### Problem requirements
From the entries that follow, copy exactly the lines beginning at the line holding "Waterford, PA Map of Robbery Rates" and continuing through the line holding "Chaga Full Spectrum".

### Entries shown

=== Section Start ===

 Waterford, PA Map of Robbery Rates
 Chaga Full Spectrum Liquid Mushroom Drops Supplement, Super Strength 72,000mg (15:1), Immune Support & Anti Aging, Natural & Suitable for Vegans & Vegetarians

=== Section End ===
=== Section Start ===

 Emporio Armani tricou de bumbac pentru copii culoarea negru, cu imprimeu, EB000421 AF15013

=== Section End ===

### Your response
 Waterford, PA Map of Robbery Rates
 Chaga Full Spectrum Liquid Mushroom Drops Supplement, Super Strength 72,000mg (15:1), Immune Support & Anti Aging, Natural & Suitable for Vegans & Vegetarians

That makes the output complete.